#42 - Coded triangle numbers
The $n^{\text{th}}$ term of the sequence of triangle numbers is given by, $t_n=\frac{1}{2}n(n+1)$; so the first ten triangle numbers are: \[1,3,6,10,15,21,28,36,45,55,\dots\]
By converting each letter in a word to a number corresponding to its alphabetical position and adding these values we form a word value. For example, the word value for SKY is $19+11+25=55=t_{10}$. If the word value is a triangle number then we shall call the word a triangle word.
Using words.txt (right click and ‘Save Link/Target As…’), a 16K text file containing nearly two-thousand common English words, how many are triangle words?
Let $w_{word}$ by the word value for $word$. We need to see whether $w_{word}$ is a triangle number. If it is, then by using the quadratic formula, \[\begin{aligned} w_{word} &= \frac{1}{2}n(n+1) \\ n^2+n-2w_{word} = 0 \\ n &= \frac{-1 \pm \sqrt{1-4(1)(-2w_{word})}}{2} \\ &= \frac{\sqrt{8w_{word} + 1} - 1}{2} \end{aligned}\]
Therefore, for $w_{word}$ to be a triangle number, the last expression has to be an integer, which means $8w_{word}+1$ has to be a square, which will be our simple test.
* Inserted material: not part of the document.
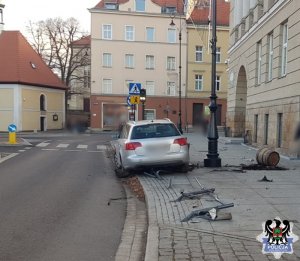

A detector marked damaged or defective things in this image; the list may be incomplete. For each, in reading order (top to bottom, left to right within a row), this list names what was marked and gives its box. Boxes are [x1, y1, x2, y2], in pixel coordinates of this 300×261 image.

crashed barrier [256, 147, 280, 166]
broken metal piece [180, 201, 234, 221]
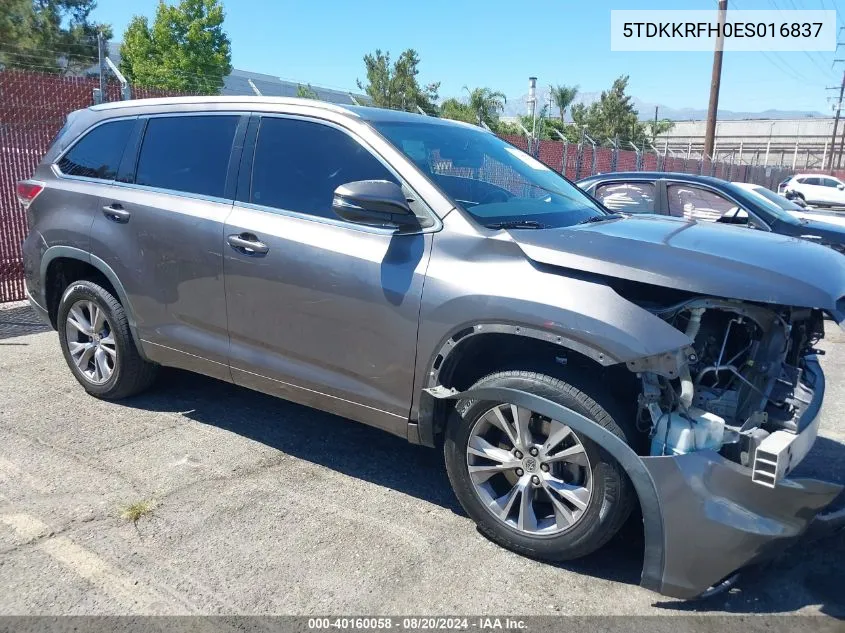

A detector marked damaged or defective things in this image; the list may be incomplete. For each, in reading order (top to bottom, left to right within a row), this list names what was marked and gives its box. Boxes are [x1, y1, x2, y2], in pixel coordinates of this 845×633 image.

We loop over all words, and check if the word value matches the condition. I’ve saved the file words.txt as problem042.txt. The words are in double quotes, so we’ll need to remove them to get the pure words.
# file: "problem042.py"
with open("problem042.txt") as f:
words = f.readlines()
# split so it becomes 1D array
words = words[0].split(',')
# Now traverse through the words and remove
# the double quotes on the ends
for i in range(len(words)):
words[i] = words[i].replace('"', '')
letters = list("ABCDEFGHIJKLMNOPQRSTUVWXYZ")
count = 0
for i in range(len(words)):
num = 0
for j in range(len(words[i])):
num += letters.index(words[i][j:j+1]) + 1
if (8 * num + 1) ** 0.5 == int((8 * num + 1) ** 0.5):
count = count + 1
print(count)
The output is,
162
0.011115430442436482 seconds.
Thus, there are 162 triangle words in the file.